When you reach the line with "Marniuta's House Mizhhirya (Transcarpathia)" in the records below, begin transcribing exactly and continue up to and including the line with "Luxury Storey Lake", leaving out every picture.

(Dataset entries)
* * *

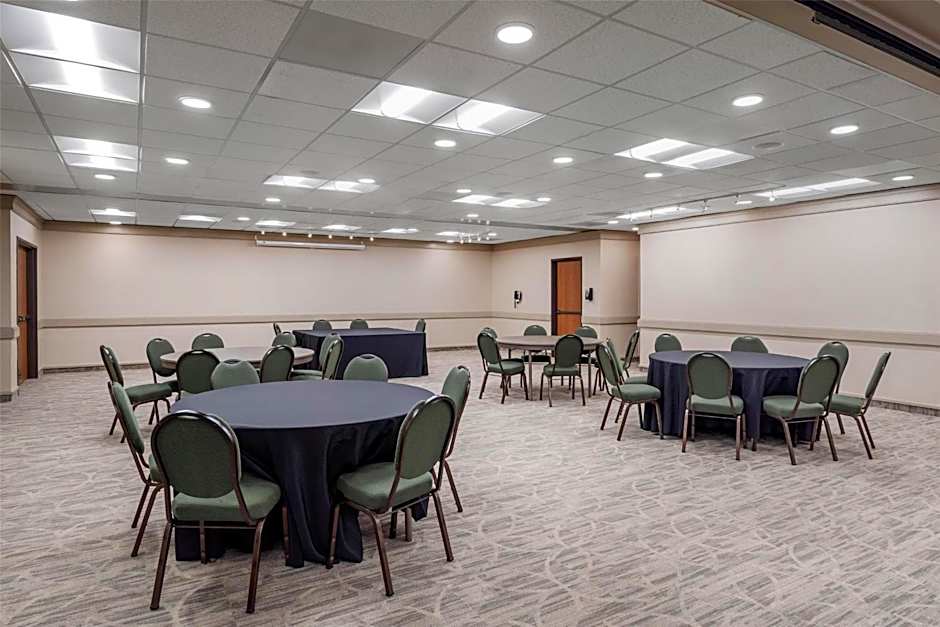 Best Western Plus Harbor Plaza And Conference Center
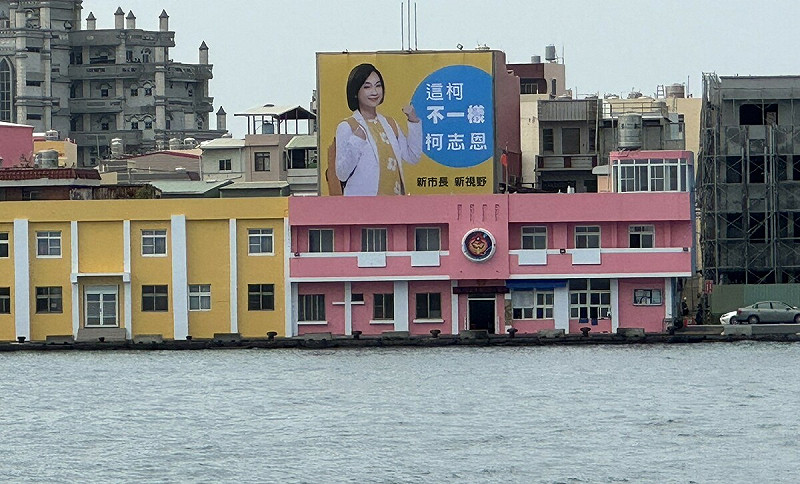 從鼓山輪渡站搭船往旗津航程中,可見柯志恩競選市長看板。 圖:柯志恩辦公室/提供
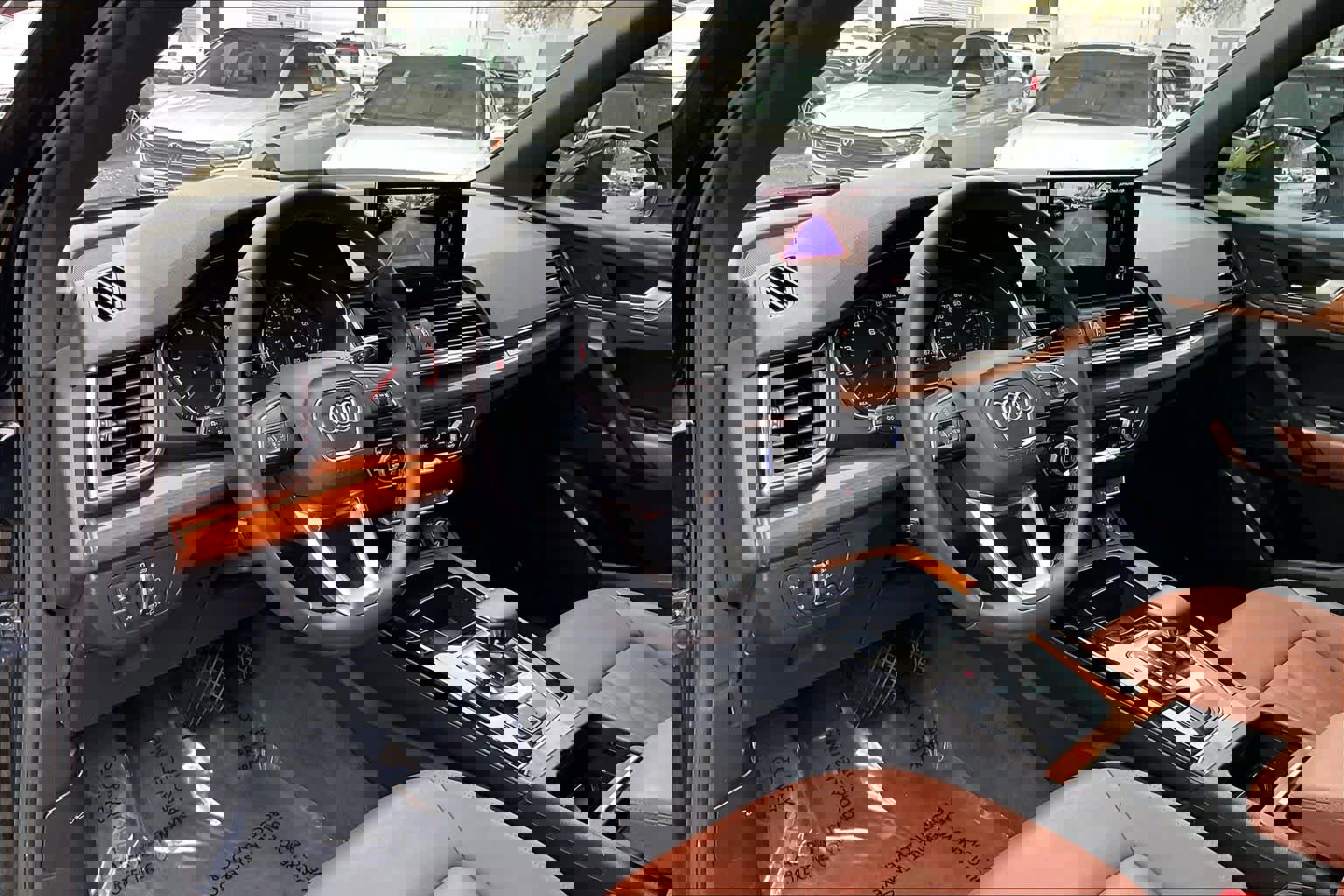 Used 2021 Audi Q5 Premium w/ Convenience Package image 18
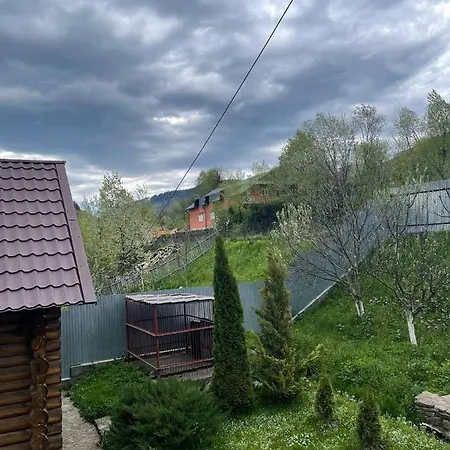 Marniuta's House Mizhhirya (Transcarpathia)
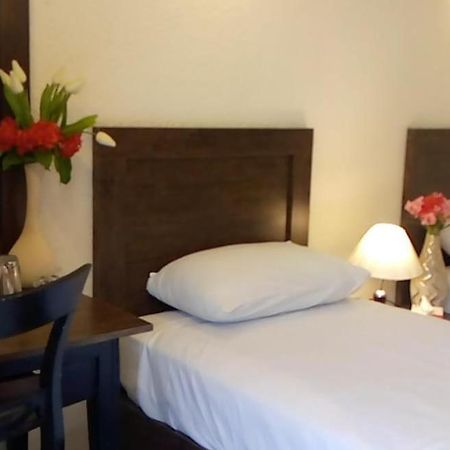 Airport Hotel Karachi Eksteriør billede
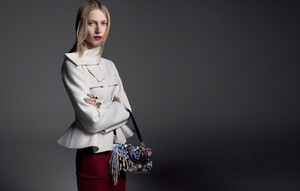Dior-Fall_Winter_2016_17-Julia_Nobis_by_Steven_Meisel-06.thumb.jpg.b0069dea4d0a8114e04836b34c315f82.jpg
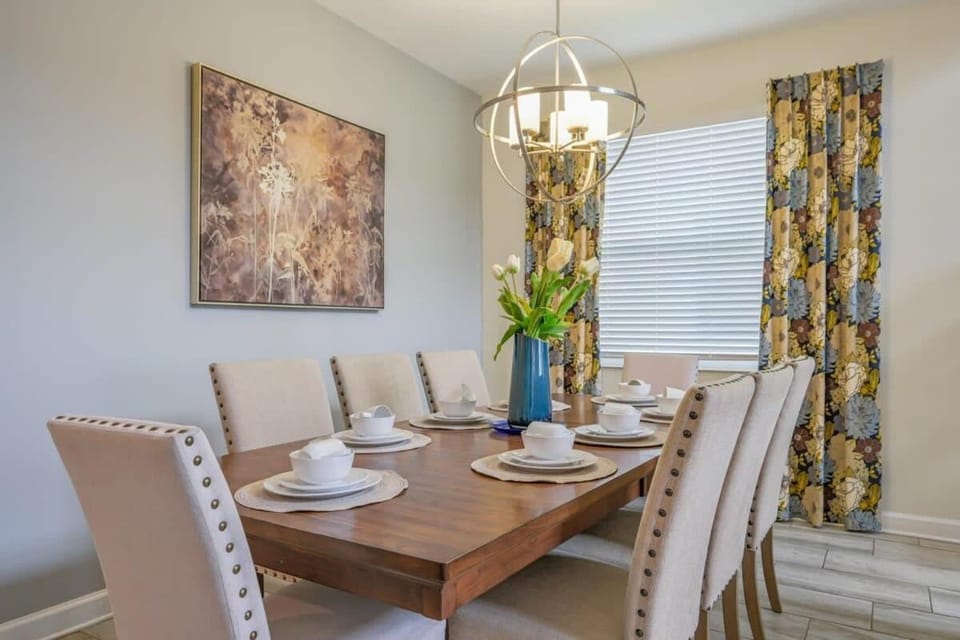 Luxury Storey Lake Retreat - Spacious Disney-Near House in Kissimmee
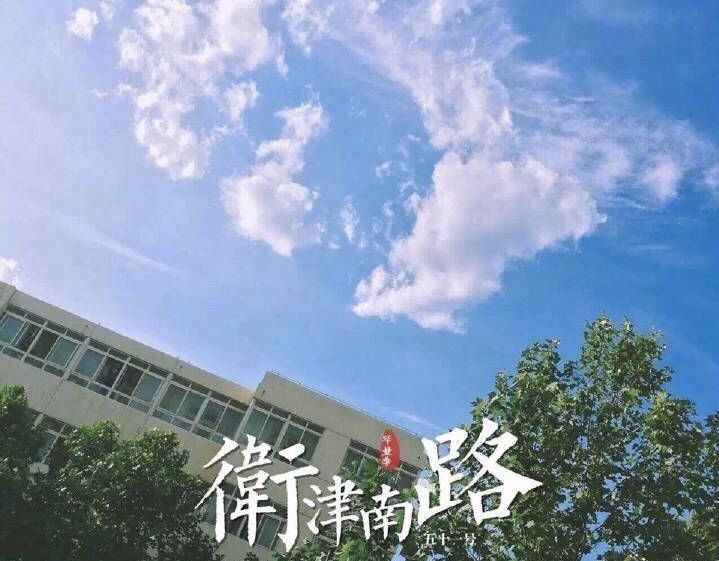 成人女子游泳比赛冠军视频_成人游泳教学视频初学者_视频成人游泳女子冠军比赛直播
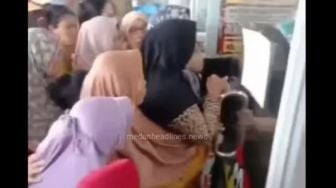 Aksi Emak-emak Serbu Minimarket Berebut Beli Minyak Goreng, Warganet: Hilang Harga Diri Omicron!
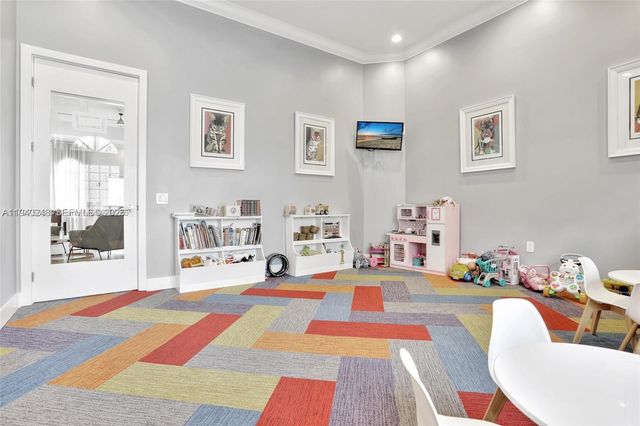 19421 Stonebrook St, Weston, FL 33332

* * *

**Result for this task:**
 Marniuta's House Mizhhirya (Transcarpathia)
 Airport Hotel Karachi Eksteriør billede
Dior-Fall_Winter_2016_17-Julia_Nobis_by_Steven_Meisel-06.thumb.jpg.b0069dea4d0a8114e04836b34c315f82.jpg
 Luxury Storey Lake Retreat - Spacious Disney-Near House in Kissimmee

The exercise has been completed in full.